Australian Prime Minister Malcolm Turnbull has ordered an investigation into the treatment of children in detention after the Australian Broadcasting Corporation (ABC) aired footage it obtained showing abuses by guards.
Interviewed on ABC radio Tuesday, Turnbull said he was “deeply shocked — shocked and appalled by the images of mistreatment of children,” Reuters reports.
He is setting up a royal commission to investigate how the incidents caught on security cameras came to happen, Turnbull said, adding “We’re going to move swiftly and decisively to get to the bottom of this.”
ABC’s Four Corners program on Monday, entitled “Australia’s Shame,” broadcast CCTV footage from Don Dale Youth Detention Centre in Darwin, in the country’s Northern Territory, shot between 2010 and 2014. In one incident, six aboriginal boys are tear gassed at close range for a prolonged period of time, before being stripped, cuffed and laid face down as guards hosed them down.

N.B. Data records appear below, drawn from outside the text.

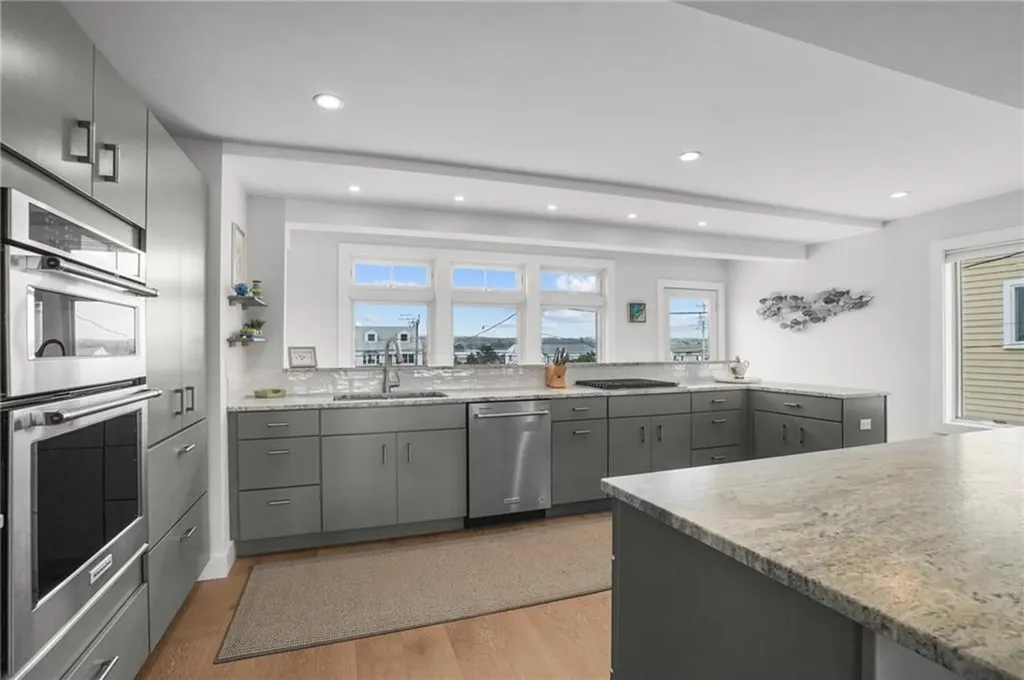 439 Atlantic Avenue Westerly RI 02891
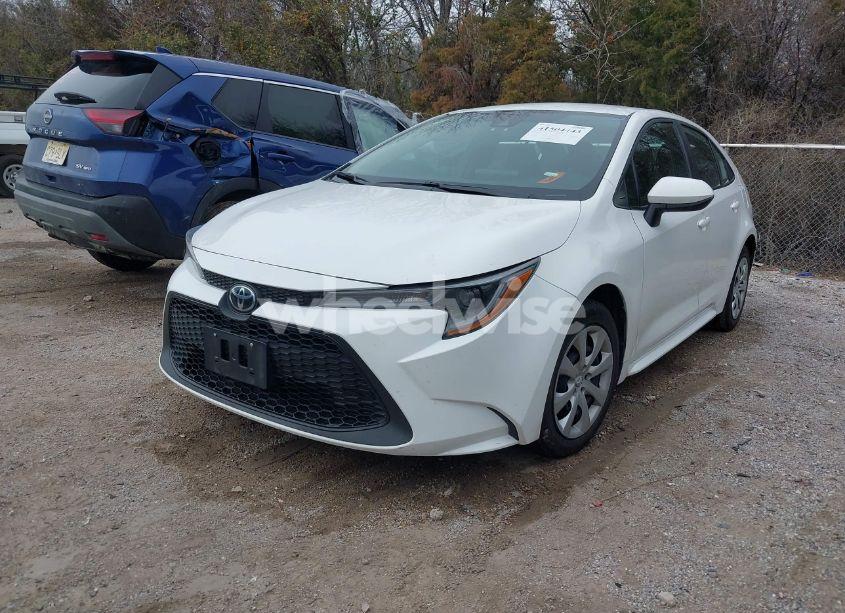 Photo 2 of 2022 Toyota Corolla LE (VIN 5YFEPMAE4NP332636)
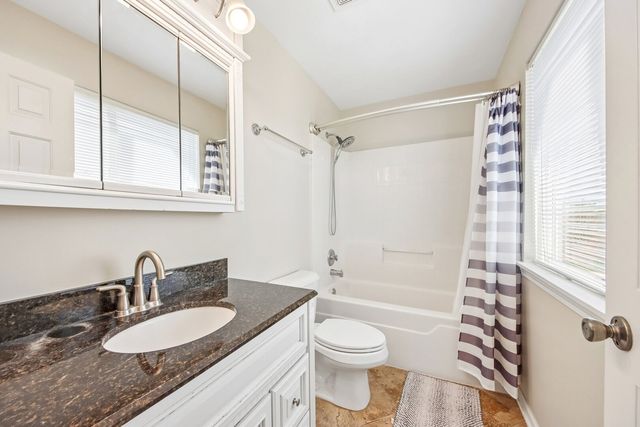 673 E FOUNTAINVIEW Drive 673, Mundelein, IL 60060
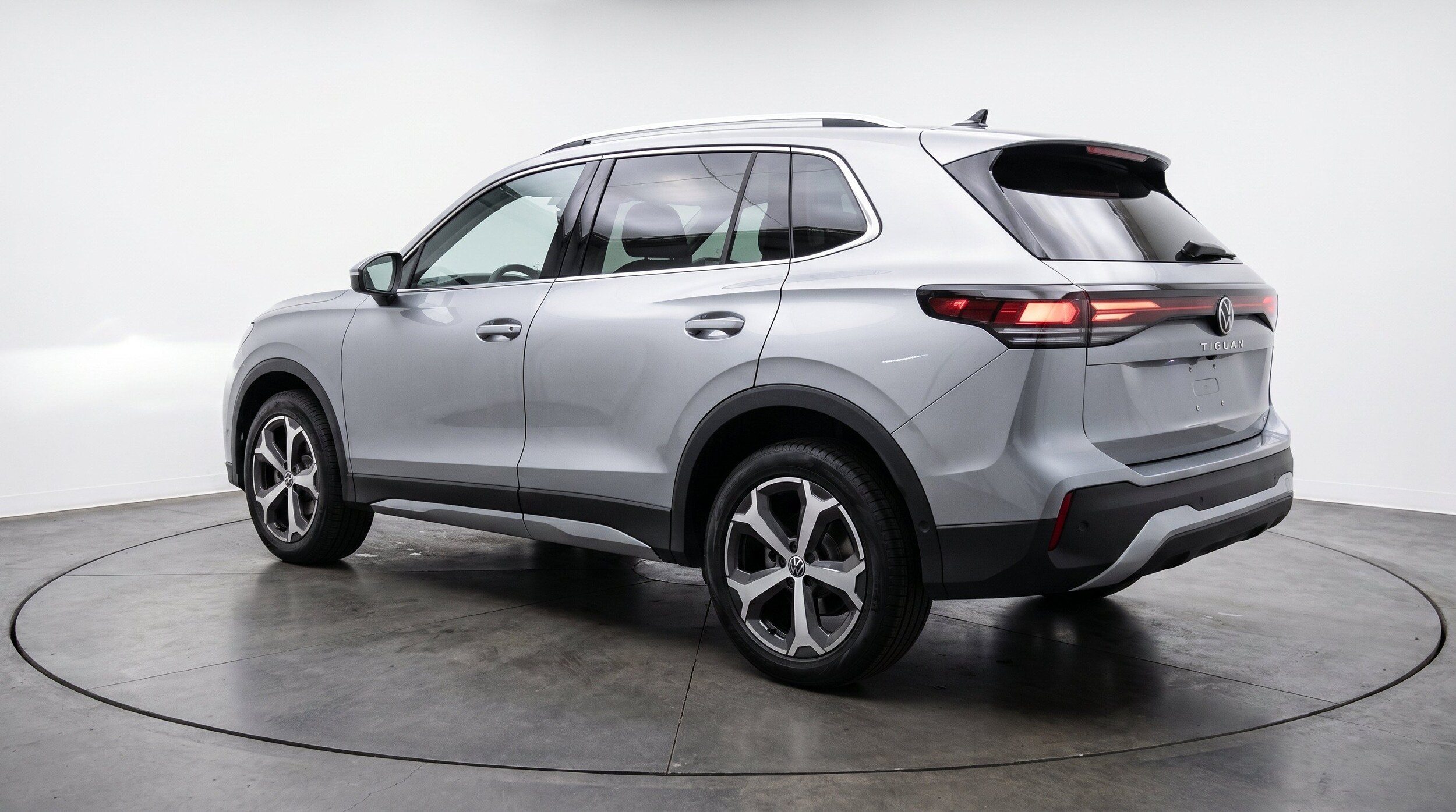 Thumbnail: 2026 Volkswagen Tiguan - 6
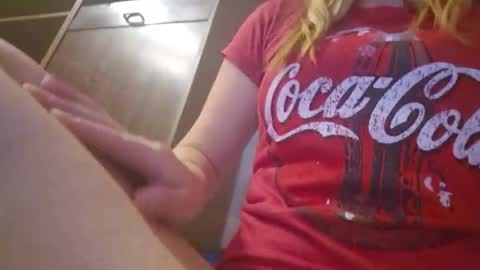 Snapshot of estrellawalters chatting on 1, 11, 2025 estrellawalters online show from 1, 11, 2025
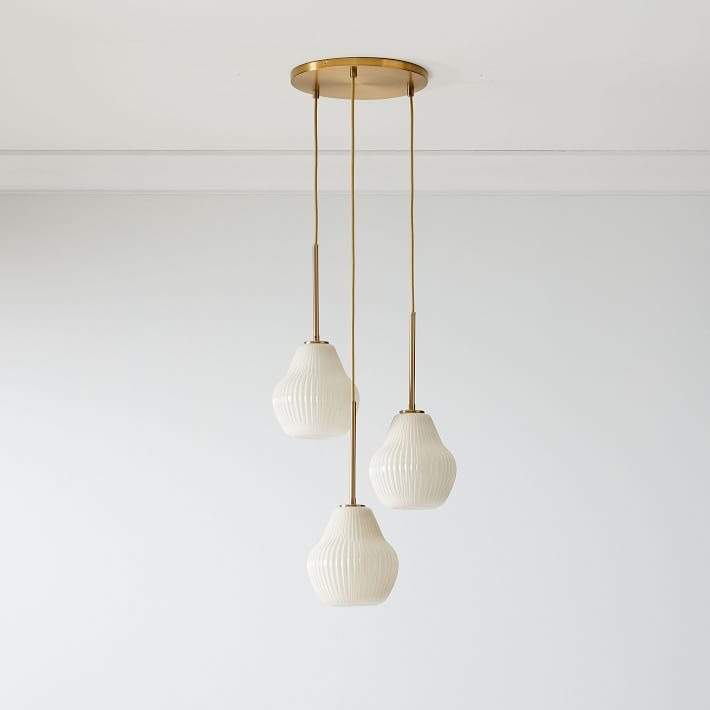 Lustre Rivrona en verre strié à 3 lumières : un éclairage sculptural et moderne pour la maison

In another clip, taken in March 2016 at a different center in Alice Springs, a 17-year-old youth is seen hooded and strapped — including by the neck — to a mechanical chair, a position he was reportedly kept in for two hours.
Adam Giles, the chief minister of the Northern Territory, responded by firing Corrections Minister John Elferink, alleging that there had been a “culture of cover-up” in the territory’s juvenile detention system.